Ernest Hemingway, in his short story, The Capital of the World, tells the story of a father and his teenage son Paco, set in Spain. Paco was an extremely common name in Spain at that time and, with a desire to become a matador and to escape his father’s control, Paco runs away to Madrid. His father, desperate to reconcile with his son, follows him to Madrid and puts an ad in a local newspaper with a simple phrase:
“Dear Paco, meet me in front of the Madrid newspaper office tomorrow at noon. All is forgiven. I love you.”
Hemingway writes, “the next day at noon in front of the newspaper office there were 800 “Pacos”, all seeking forgiveness.”
Let me ask you this: if you were part of the story, which character do you first identify with? Were you play the role of the father or the son?
POLL...

Series Intro

Week 3 of a 6 week series!
read aloud together - this is God’s inspired words given to us by Jesus - these words have power, and are messing with your internal reality, re-architecting your understanding and experience!
Luke 6:47–48 (The Message) These words I speak to you are not mere additions to your life, homeowner improvements to your standard of living.

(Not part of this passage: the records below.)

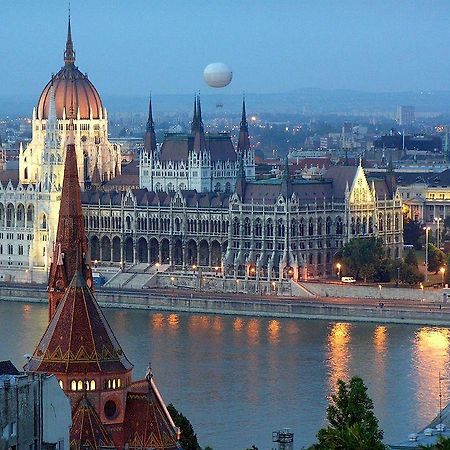 Sunny Riverside Hotel Budapest Exterior photo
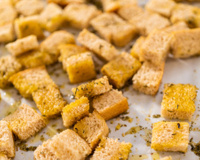Crouton de azeite caseiro e fácil de apenas 3 ingredientes vai revolucionar as suas saladas e sopas: você nunca mais vai comprar pronto!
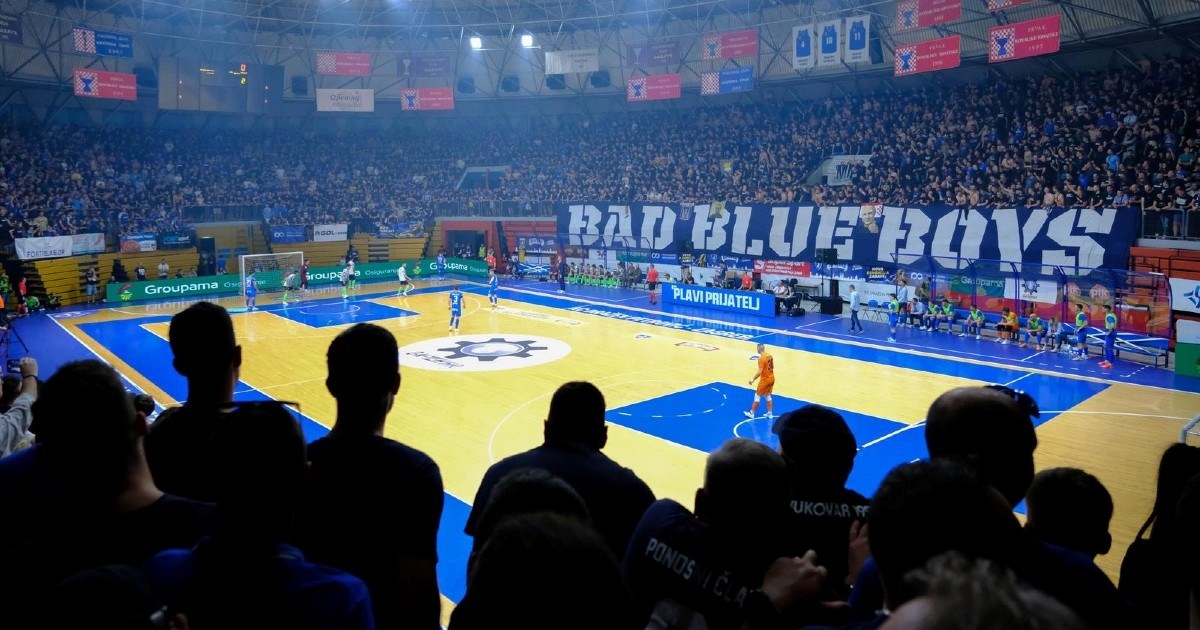 Stotinu ljudi s ulaznicom nije uspjelo ući na utakmicu Futsal Dinama. Stigla isprika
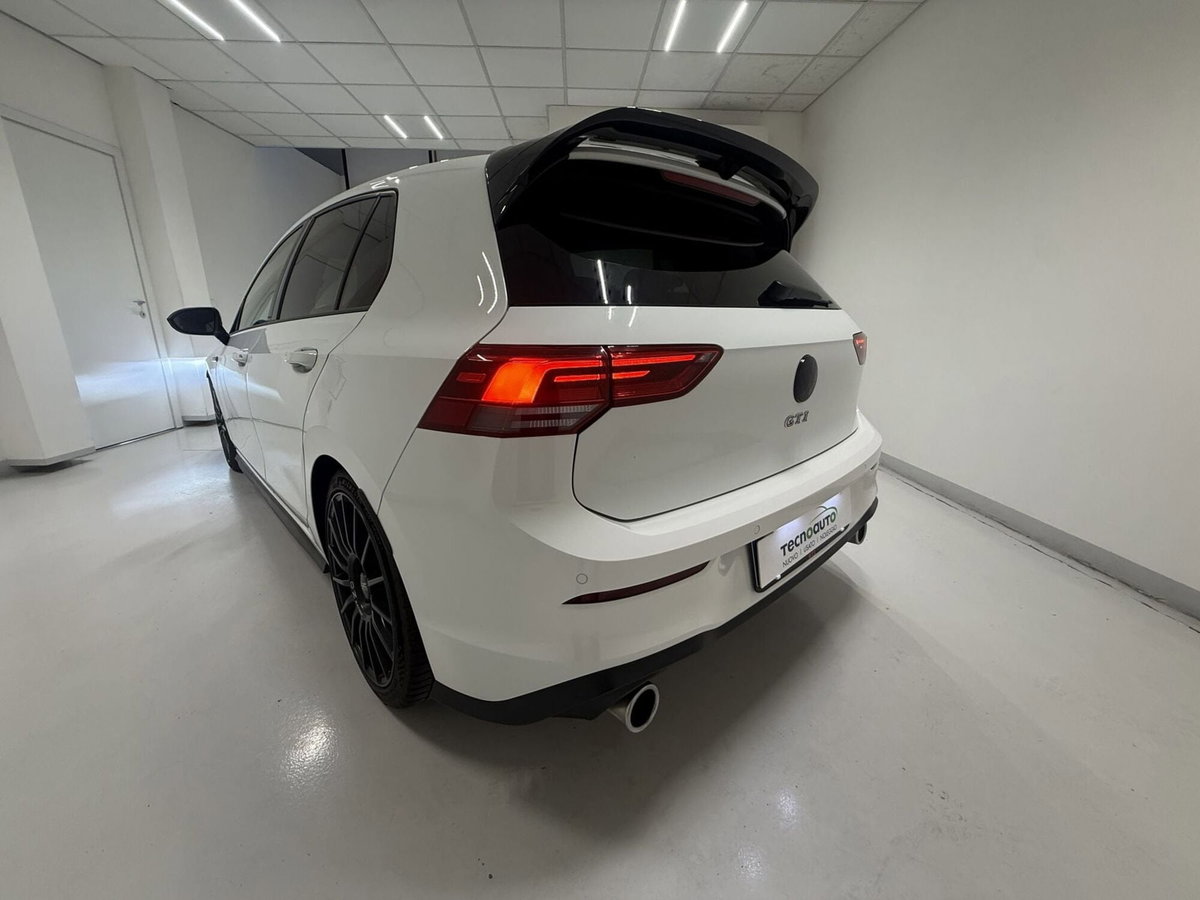 Volkswagen Golf 2.0 TSI GTI DSG (13)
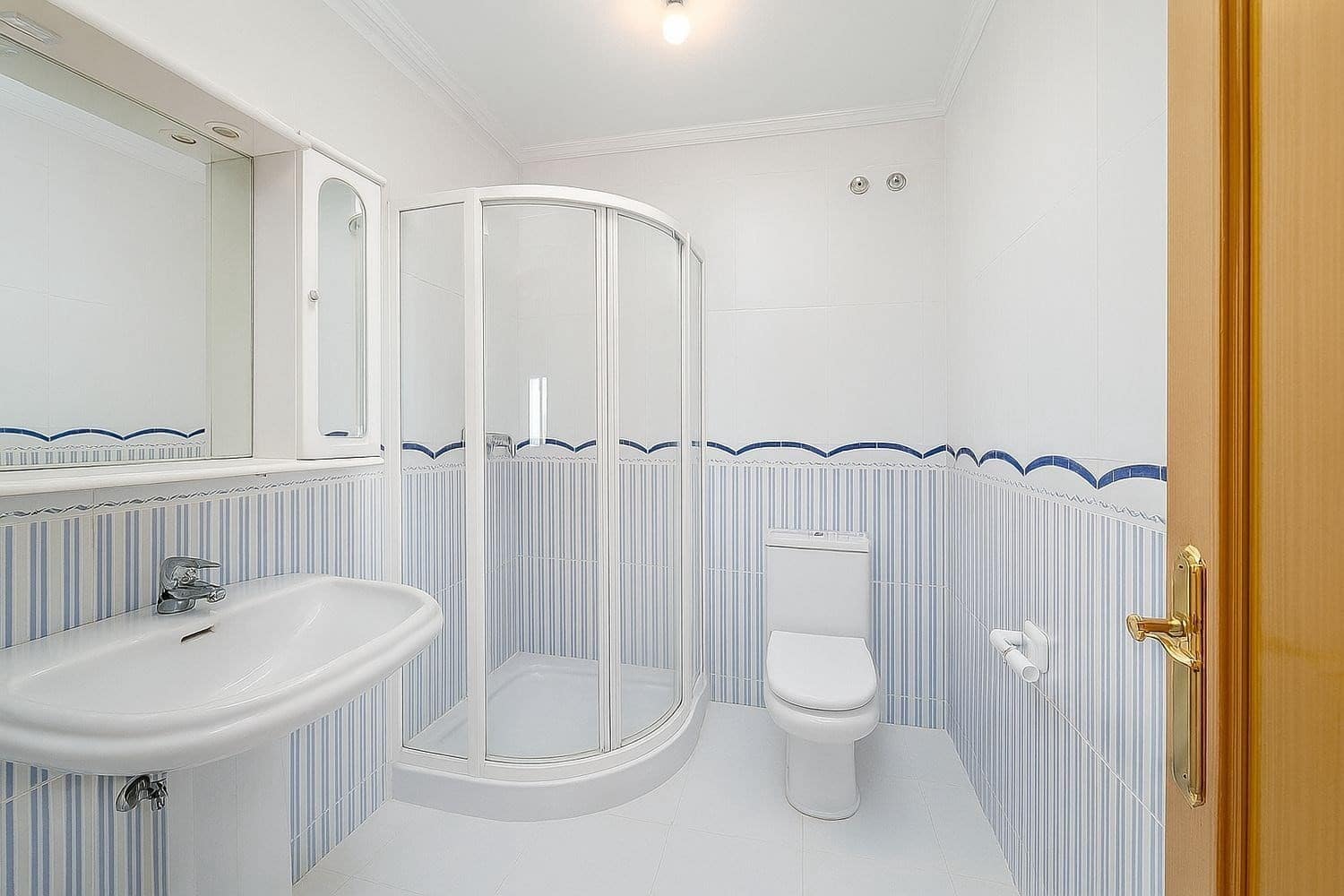 3 sypialnia Willa na sprzedaż w Denia z basenem garażem - 785 000 € (Ref: 9463775)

They are foundation words, words to build a life on. If you work the words into your life, you are like a smart carpenter who dug deep and laid the foundation of his house on bedrock. When the river burst its banks and crashed against the house, nothing could shake it; it was built to last.
Our goal in this series is to apply Jesus’ words and become built to last - that no storm can shake us, to obstacle can stop us, no setback can disqualify!
WE’re examining WHAT HE SAID about three big challenges we each face today:
POll results
The truth is, we’re both father AND son, aren’t we? We’ve hurt others, we’ve been hurt BY others. Certainly there are differing degrees to each of our experiences, but each of us is Paco, who’s been hurt, and Paco’s father, the one who’s hurt.
None of us have journeyed thorugh life untouched by hurts, abuses, words, actions, and opinions that we have given and we have received.
As a result, we’re people in need of forgiveness, both in RECEIVING and RELEASING.
Easier said than done. A lot of us carry the baggage of past unresolved hurts, lies spoken over us, actions we’ve done to others, and they continue to shape our present and limit our future.
Thank God that he has a better way!
Next two weeks we’re going to explore WHAT HE SAID about FORGIVENESS.
There’s this moment in Jesus’ ministry and teaching where one of his closest followers, Peter, asks him this question:
Matthew 18:21–35 (ESV)
21 ...“Lord, how often will my brother sin against me, and I forgive him? As many as seven times?”
Peter’s asking a fair question! Following Jesus means our understanding of who we are and what we’re here for is distinct. We know we were made both for relationship with God AND relationship with others. Our growing relationship with Jesus should provide a growing understanding of our relationships with others.
22 Jesus said to him, “I do not say to you seven times, but seventy-seven times.
Jesus isn’t giving us an actual number, but a principle that challenges Peter’s thinking about his relationships with others - and probably yours too.
If I was Peter in this moment, just honestly, I would have really struggled with this moment. What about you? Can you sit in the weight of continual forgiveness like that? How can we live that freely, that unencumbered?
Jesus illlustrates, as he often does, through story:
23 “Therefore the kingdom of heaven may be compared to a king who wished to settle accounts with his servants. 24 When he began to settle, one was brought to him who owed him ten thousand talents
25 And since he could not pay, his master ordered him to be sold, with his wife and children and all that he had, and payment to be made. 26 So the servant fell on his knees, imploring him, ‘Have patience with me, and I will pay you everything.’
27 And out of pity for him, the master of that servant released him and forgave him the debt. 28 But when that same servant went out, he found one of his fellow servants who owed him a hundred denarii, and seizing him, he began to choke him, saying, ‘Pay what you owe.’ 29 So his fellow servant fell down and pleaded with him, ‘Have patience with me, and I will pay you.’ 30 He refused and went and put him in prison until he should pay the debt. 31 When his fellow servants saw what had taken place, they were greatly distressed, and they went and reported to their master all that had taken place. 32 Then his master summoned him and said to him, ‘You wicked servant! I forgave you all that debt because you pleaded with me. 33 And should not you have had mercy on your fellow servant, as I had mercy on you?’ 34 And in anger his master delivered him to the jailers, until he should pay all his debt. 35 So also my heavenly Father will do to every one of you, if you do not forgive your brother from your heart.”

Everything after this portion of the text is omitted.